The worst job interview I've had--and I'm a bit reluctant to place this crown on any interview for a job that I didn't get, as so many of the successful job interviews led to months of soul crushingly mundane employment and could therefore be argued to be worse by the nature of their success, though such a precedent would move this post from the merely anecdotal and into something a bit too philosophical for this hour of the morning--occured shortly after my graduating college and wasn't even for a "career" sort of job. English majors rarely have those interviews anyway. No, this was just a simple bookstore job involving little more that stocking shelves and the typical customer service activities. It was something to pay the bills while I tried to talk myself into a grad school program that never materialized. It was not unlike any of the other jobs I had worked while in college and I entered the interview seemingly calm and relaxed. I was trying to give that impression anyway, but an unusually warm January day had rendered my thick turtleneck sweater a poor wardrobe choice that left me baking and sizzling under the cafe atrium skylight like so many of the ants I tortured with magnifying glass as a young child and then again as an older child and young adult.

Ants are bastards.

One of the women across the table, perhaps after seeing me mop my brow with a napkin, offered me water that I declined under the rationale that a candidate refusing water might appear more employable than one swilling free water like there's no tomorrow, as if these two nice older women, one looking oddly like a taller version of my high school guidance counselor the other a dead ringer for a shorter version of the same woman, watching me sweat from three short feet away were in the market for a camel. It didn't make any sense, I know, but I would be that camel just in case.

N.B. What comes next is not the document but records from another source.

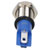 R-TECH 657028 Panel Indicator 8mm Flat 24V Blu Nickel Brass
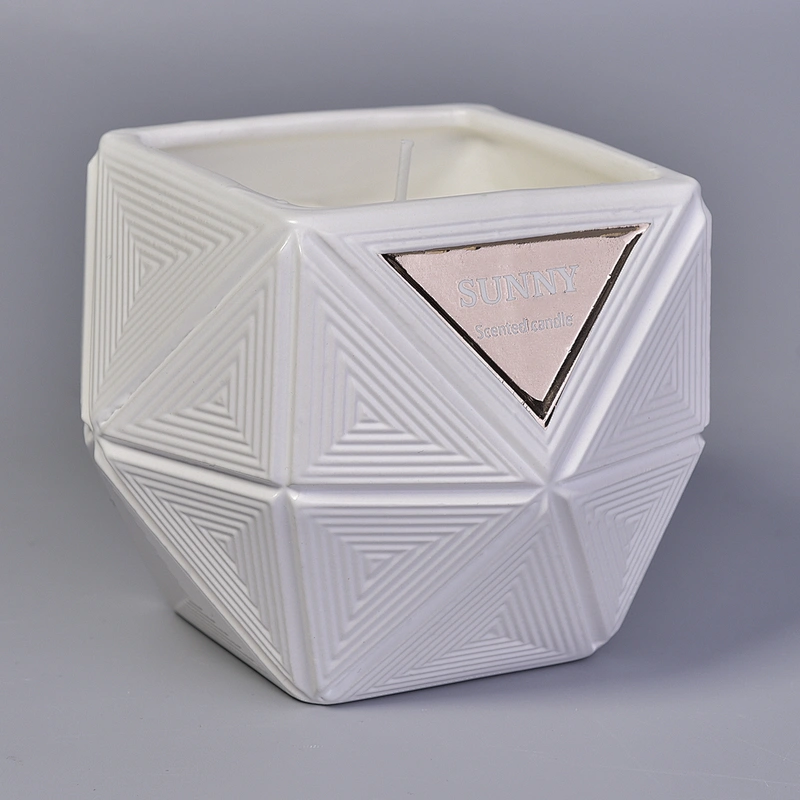 10oz 20oz Manufacturer custom white Hexagon candle ceramic jar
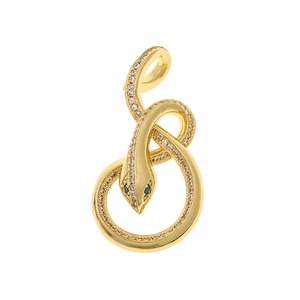 Detalle de colgante de serpiente con pavé de circonitas y ojos de gemas verdes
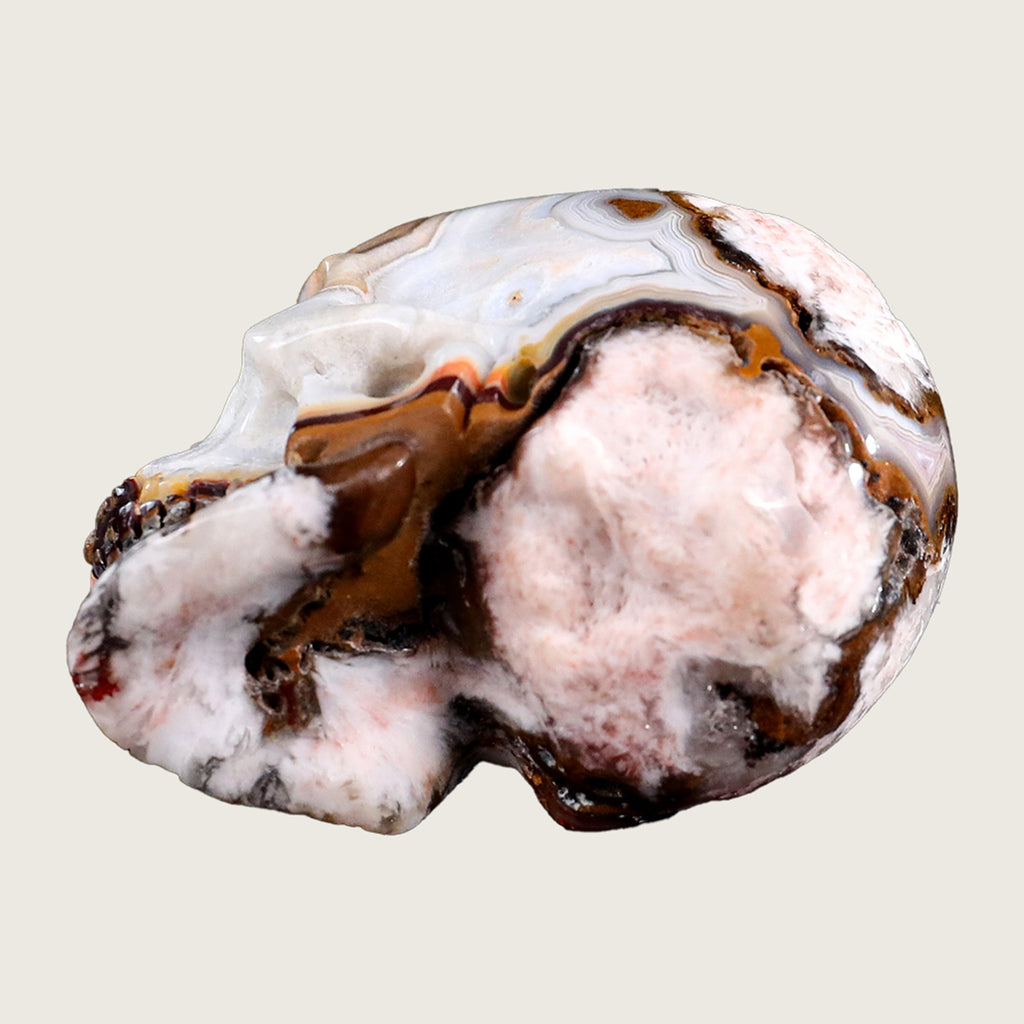 2.2" Red Crazy Lace Agate Human Skull Carving  #SKH22009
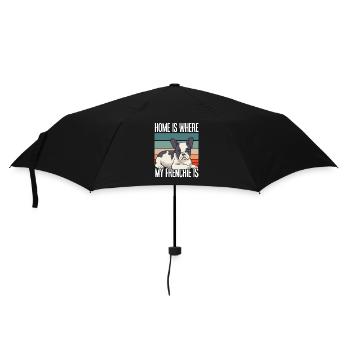 Maison Bouledogue Français Rétro - Parapluie standard - noir - Devant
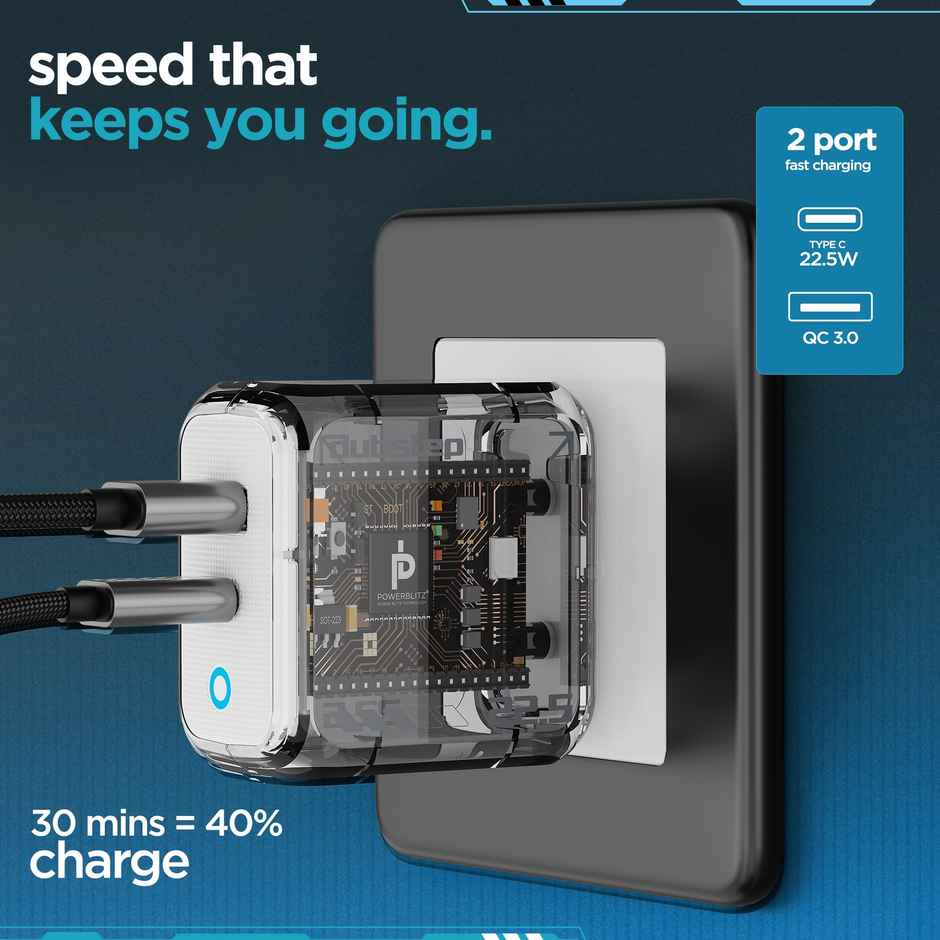 Dubstep Sprint 22.5W Superfast Wall Charger | Adaptor Only | White
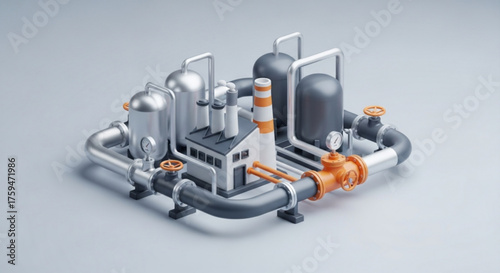 Isometric view of a cartoon industrial plant with pipes and tanks, showcasing a clean and efficient manufacturing process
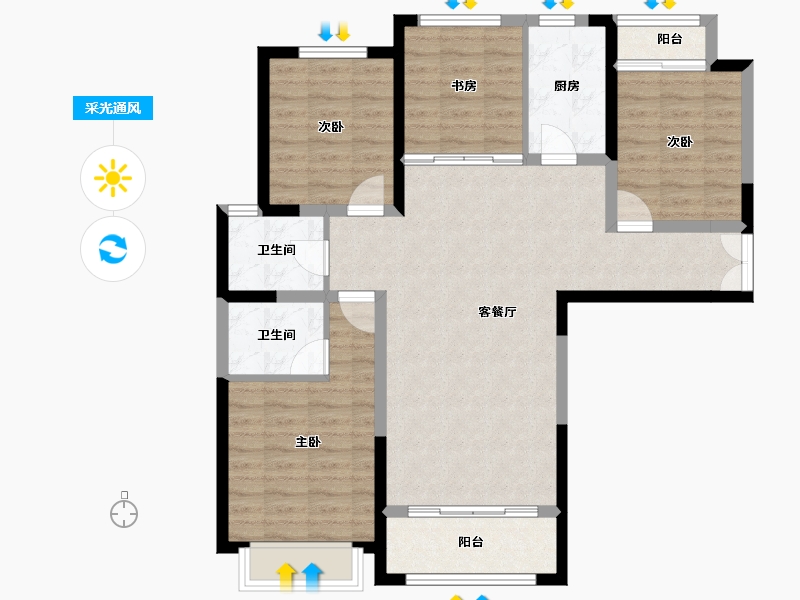 陕西省-榆林市-万民新天地-97.05-户型库-采光通风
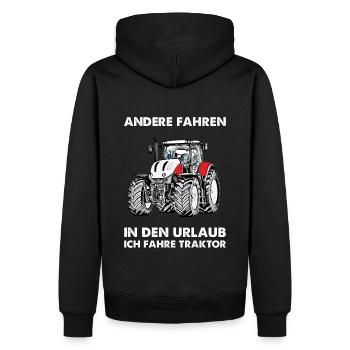 Traktor Treckerfahrer Traktoren Spruch - Männer Premium Bio Hoodie - Schwarz - Hinten - Nico (187cm)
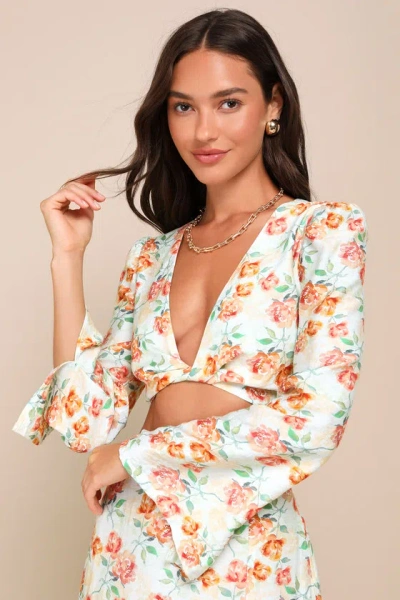 Lulus Cute Expertise Light Sage Green Floral Twist-front Crop Top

Irregular sleep patterns, a bit too much drinking, and any number of similar shenanigans associated with the final days of one's college career had perhaps taxed the physique a bit too much to pull of a good impression beneath sheets of sweat, but I did a damn fine job of it for the first half of the interrogation. I leaned back casually in the chair with my legs crossed and a lazy half smile pleasantly stretched across my reddening face. I glided through a seemingly informal discussion of college and previous employment. I threw out anecdotes and asides like a regular Regis Philbin, doing so with such ease that not even I could remember which ones, if any, were true.

Then came the stumbling block that derailed my bookstore career and ended the interview in fearful looks from my tall and short counselors that I would see again and again from across the room every time I visited the store afterward.

My future was a bit harder to make up than my past. I threw out the possibility of going after a MFA in creative writing, which was partially true, and then took it a bit too far by mentioning that I was writing a novel.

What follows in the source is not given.